The investigative record shows that Complainant's supervisor was the Resident Agent in Charge, or RAC. After a narcotics vessel interdiction in December 2010, RAC met with Complainant, another Group Supervisor (GS2), and other law enforcement officers in January 2011, to assess their performance during the December action. Conflicting testimony was presented as to whether RAC berated or yelled at Complainant. One of Complainant's subordinates (W) stated in his affidavit that RAC "appeared very angry with [Complainant's] position concerning our group's response and performance," and indicated that he "felt very uncomfortable with the manner in which [Complainant] was addressed, considering the confrontation took place in front of" other law enforcement officers outside of the HIS work group. GS2, on the other hand, testified that the interaction was totally professional, RAC never yelled, but "offered constructive criticism because there was [sic] obvious mistakes made."

With respect to the performance appraisal scores, RAC testified that after one of the Group Supervisors gave scores that were almost perfect he decided to create a numeric system that would bring the scores of all three of his supervisory groups more in line and objective. In that regard, he stated that "[t]he purpose was to attempt to rate all personnel in the office by a similar standard to ensure that the appraisals or ratings were fair and consistent for all." Accordingly, RAC informed his Group Supervisors that they needed to make some adjustments in their ratings. Thereafter, Complainant took great issue with this directive, and testified that the three ratings in his group that S1 indicated should be lowered, belonged to his three special agents of Italian descent.

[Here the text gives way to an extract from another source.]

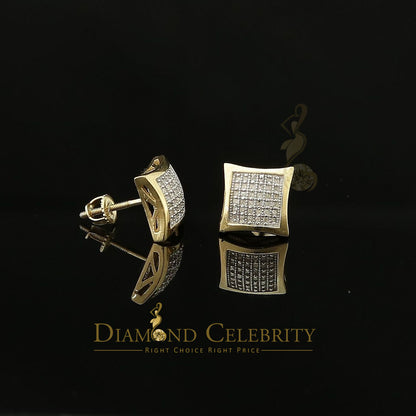 DiamondCelebritees Aretes Para 925 Sterling Yellow Silver 0.20ct Diamond Women & Men Kite Earrings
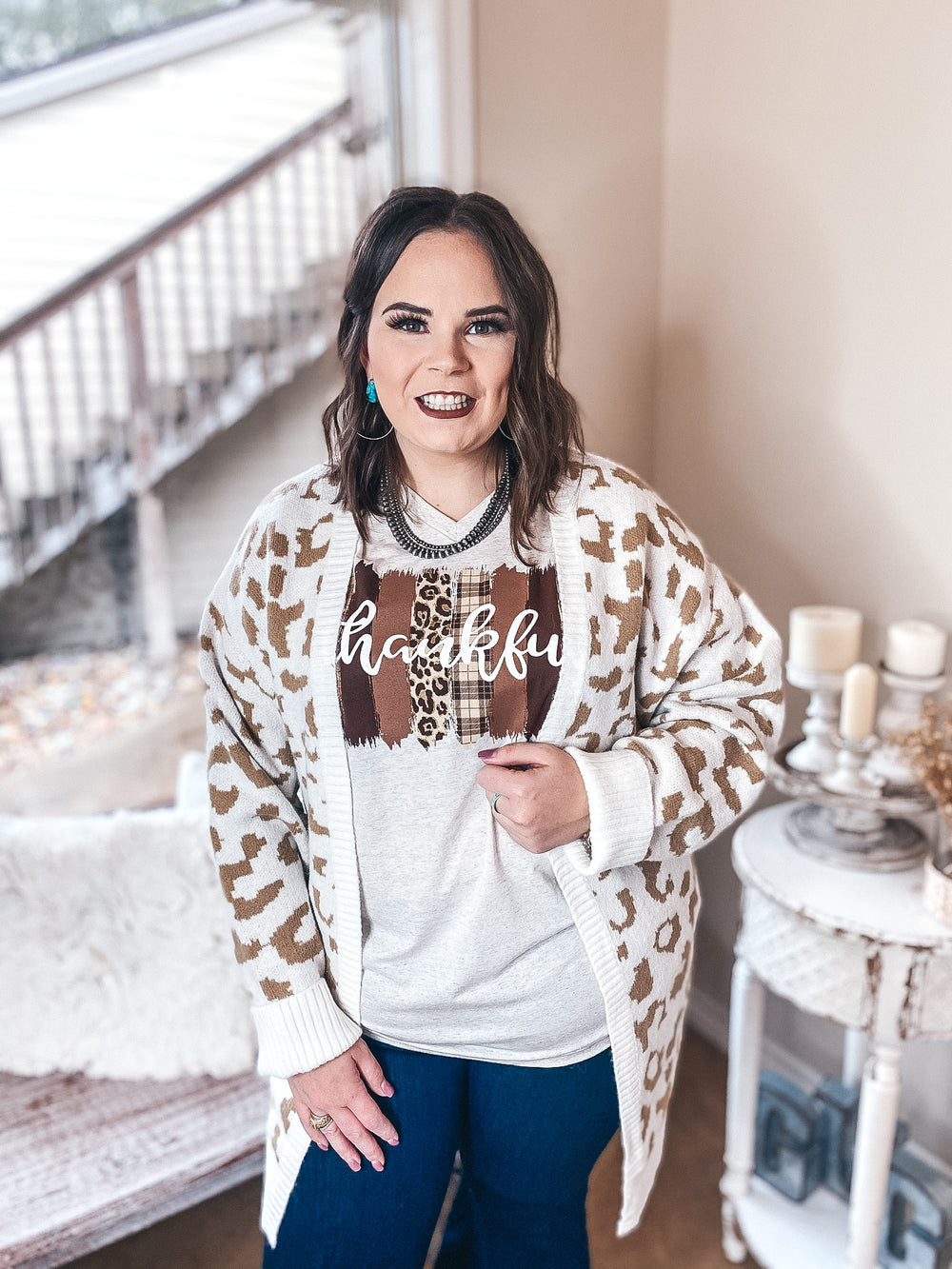Missing You Taupe Leopard Long Sleeve Open Front Cardigan in Ivory - Giddy Up Glamour Boutique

In a January 2012 interaction, Complainant testified that he and an Italian American Special Agent (SA1) under his charge happened to have on red shirts. Upon entering Complainant's office, RAC stated that he "did not get the red shirt memo," and further inferred that the red shirts were "to hide the sauce." Complainant and SA1 took the comment to be a derogatory reference to Italian Americans. While RAC's testimony attributed the "hide the sauce" comment to Complainant, SA1 provided corroborating testimony in support of Complainant.

Thereafter, in February 2012, another confrontation ensued between Complainant and RAC concerning a vehicle assignment. The Issue involved a delay in the delivery of a newly assigned vehicle and several Agents were waiting after business hours in order to exchange vehicles. One of the Special Agents (SA2), testified that he was a direct witness to the interaction. SA2 stated that RAC had concluded a telephone call and appeared to be gathering his belongings to leave, when Complainant stepped in front of him to discuss the fact that the agent bringing the new vehicle would be delayed. RAC then told Complainant that the waiting agents should go ahead drive their current vehicles home and that the exchange would happen the next morning. When Complainant pressed RAC about the agents whom had been waiting, RAC reiterated that the exchange could take place the next day.

As this interaction continued, RAC eventually informed Complainant that he was becoming insubordinate, and both parties entered RAC's office, shut the door and continued the heated discussion. SA2 indicated "[i]t is the opinion of this Affiant that [Complainant] instigated this incident by challenging the RAC's decision, escalating his voice and being insubordinate." SA2 further offered "I have observed [Complainant] verbally challenge or question the RAC and other GS decisions on numerous occasions."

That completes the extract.